IQVIA Biotech is seeking a Senior/SAS Data Programmer, Homebased in the US:

BASIC FUNCTIONS:

Perform lead responsibilities on one or more projects.  Develop and validate programs to generate data cleaning reports and prepare data extracts. Provide programming support to project team members and others within Project Programming.

ESSENTIAL JOB FUNCTIONS, DUTIES AND RESPONSIBILITIES:

  • Perform as a SAS Data lead for projects
    • Draft, update and maintain the Master Plan for assigned project and review study plans for other departments.
    • Review and provide feedback on project timelines and ensure that project tasks are completed timely and with acceptable quality
    • Manage study sFTP site accounts
    • Assume responsibility for project budget and perform monthly time projections.
    • Attend internal team meetings and relevant client team meetings, as needed.
    • Review data transfer specifications and test transfers from external vendors as applicable for reconciliation purpose.
    • Review and provide/collect SAS feedback on eCRF development and data structure changes and evaluate the impact on programming activities
    • File documentation associated with client delivery on an ongoing basis and perform final archival activity at study close.
  • Manage and support project programming activities and deliverables
    • Develop specifications/test data and program custom data files, SDTM and data integration as requested by Sponsor; update blank CRFs with SDTM or other custom annotations, develop define.xml file for SDTM.
    • Set up default clinical data transfer and/or perform scheduled and ad-hoc data transfers
    • Define specifications/test data, program and generate reports to facilitate vendor and/or SAE reconciliation, medical coding, investigator payments, data review (e.g., SAS data checks and patient profiles) and other needs, as requested.
    • Define specifications and test plans for data imports.
    • Develop specifications and programs to integrate local lab normal ranges with data extract.
    • Set up project-specific J-Review system for InfoLink and/or InForm.
    • Support programming activities for medical coding group, including integration of coded terms with data extract files.
    • Develop QC test plans, perform independent unit testing, complete documentation for SAS code installs and utilize source code management software.
  • Project Programming departmental responsibilities
    • Assist with process improvement initiatives, as agreed to by management.
    • Perform other duties that may be requested by management as assigned.
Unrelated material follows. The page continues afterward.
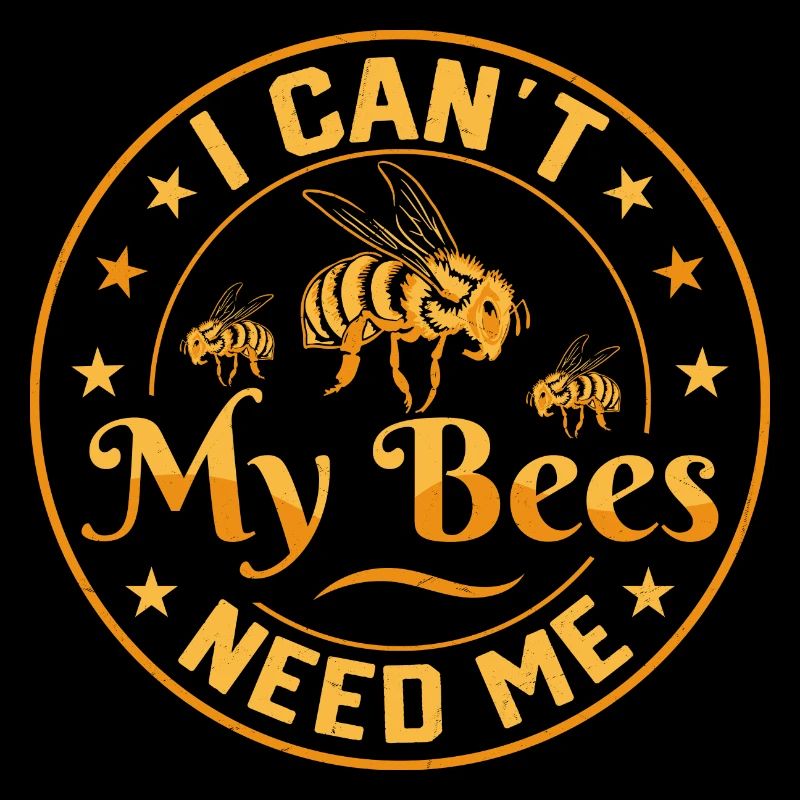 I Can't My Bees Need Me Beekeeping ApiaristBeekeep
KNOWLEDGE, SKILLS AND ABILITIES:

  • Understanding of GCP, ICH, and FDA guidelines and regulations applicable to conduct clinical research.
  • Knowledge of programming and validation methods, and software development life cycle.
  • Knowledge of relational database concepts, and SQL experience.
  • Experience with SAS Base, SAS Macro, and ODS as well as strong data step skills.
  • Ability to perform multiple tasks efficiently and accurately with minimal supervision while meeting deadlines.
  • Ability to work independently and part of the team.
  • Ability to learn new programming languages, technology, tools and processes.

CRITICAL JOB FUNCTIONS IN ACCORDANCE WITH ADA CRITERIA:

  • Very little physical effort required to perform normal job duties (unless otherwise indicated)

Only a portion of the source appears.